Divided no more: Regional restaurants branch out across Florida
Put your ear to the table, and you can hear a Florida border crumbling — the one that used to separate east and west coast dining.
Once, chefs and restaurateurs stuck to their respective sides of the peninsula. Gulf-siders roamed up and down I-75, while Oceanics explored the I-95 corridor.
Those who tried to bridge the divide faced challenges in supervision, logistics and marketing — the west offered a quiet, laid-back tone, while the east tended toward loud and flashy.
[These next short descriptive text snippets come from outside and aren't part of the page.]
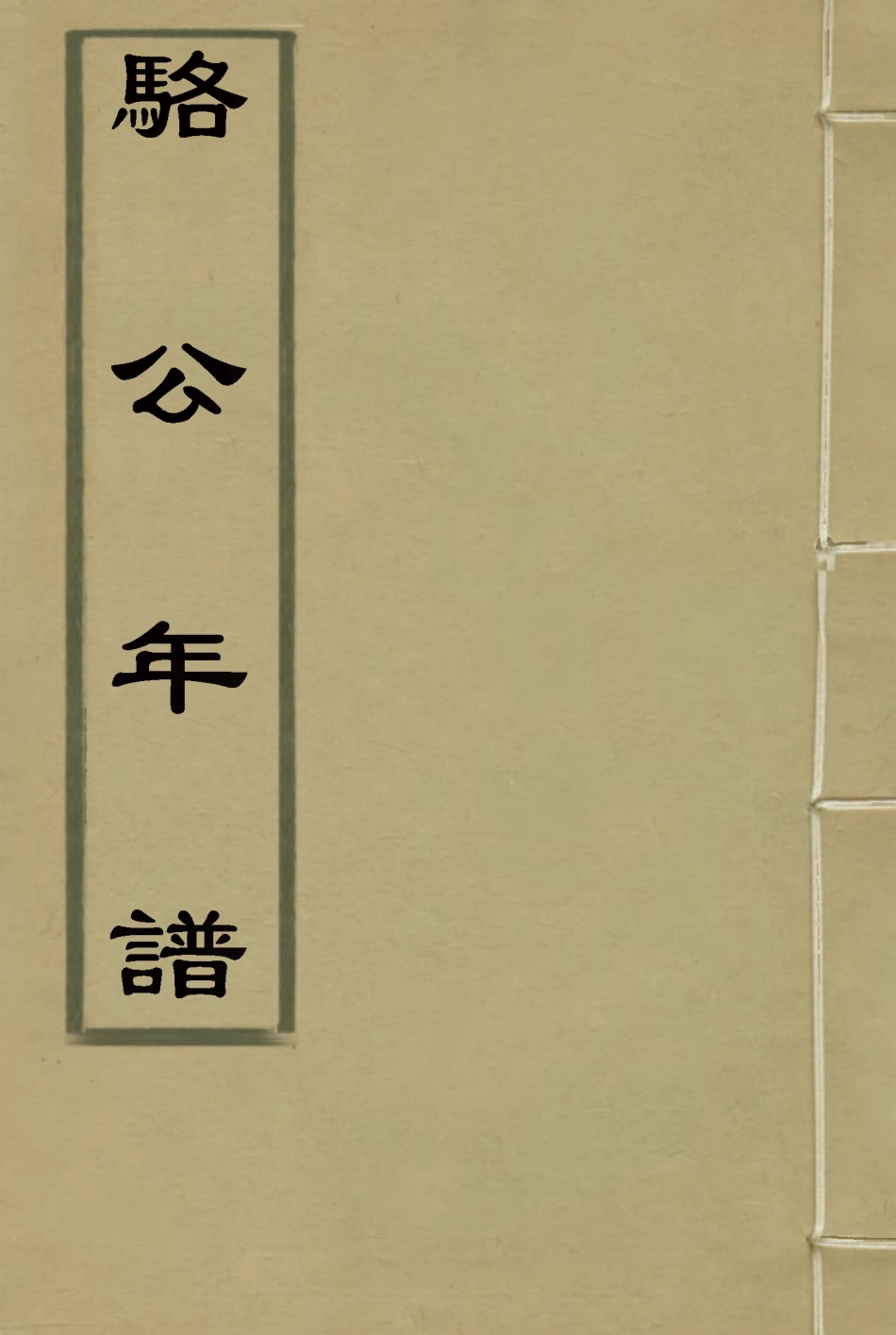 114689-駱公年譜_駱秉章自注 .pdf_第1页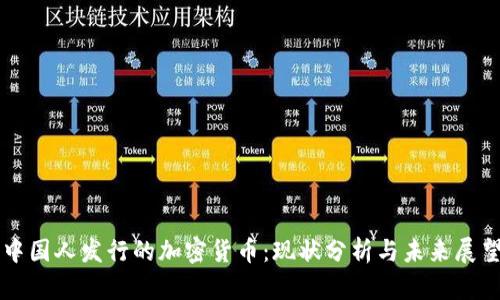 中国人发行的加密货币：现状分析与未来展望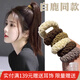 向晚 發(fā)圈6條高彈力皮筋馬尾發(fā)繩女加厚毛絨發(fā)圈女扎頭頭繩高級感發(fā)飾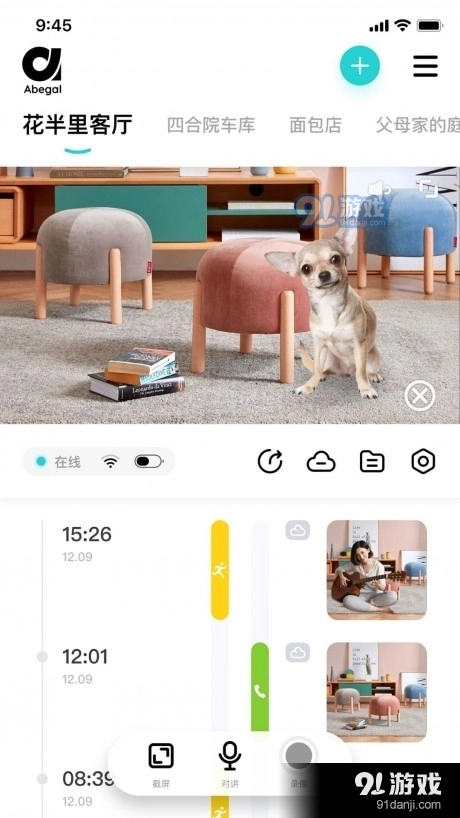 安贝果图3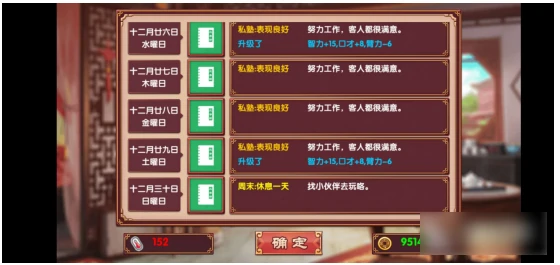 智力增加方法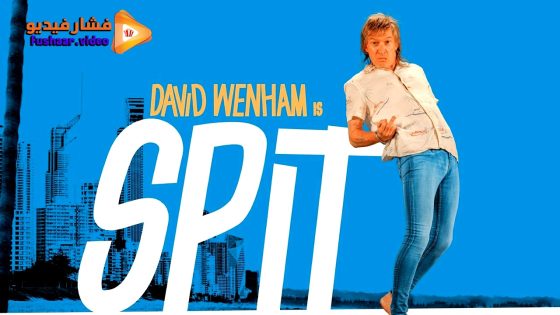 مشاهدة فيلم Spit 2025 مترجم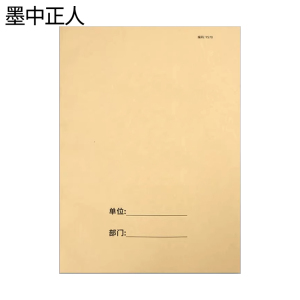 墨中正人党员学习本297*210mm本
These days, everybody’s everywhere. Gulf-coasters love tapas and $13 craft cocktails, and the east coast digs fried chicken and barbecue.
• Westward Ho
Three very-East Coast restaurants danced across the great divide to bring south Florida heat — and cool — to Tampa Bay.
» Bulla Gastrobar, the chic muy- Spanish tapas bar that began in Coral Gables, opened a location in Tampa (after Miami, Atlanta and Orlando). It found a happy crowd hungry for Basque cheese, octopus salads, paella and Bellota ham. Its rooftop lounge serves truly Spanish gin tonics, Rioja wines and a Tampa view. (Next stops: Dallas and Charlotte.)
» American Social Kitchen & Bar, the high-buzz cocktail of flash and comfort food from Fort Lauderdale’s Las Olas, has found a large waterside spot on Tampa’s Harbour Island. The menu features fried chicken BLTs with guac and jalapeno, a whiff of truffles and a parade of well-dressed “social” seekers.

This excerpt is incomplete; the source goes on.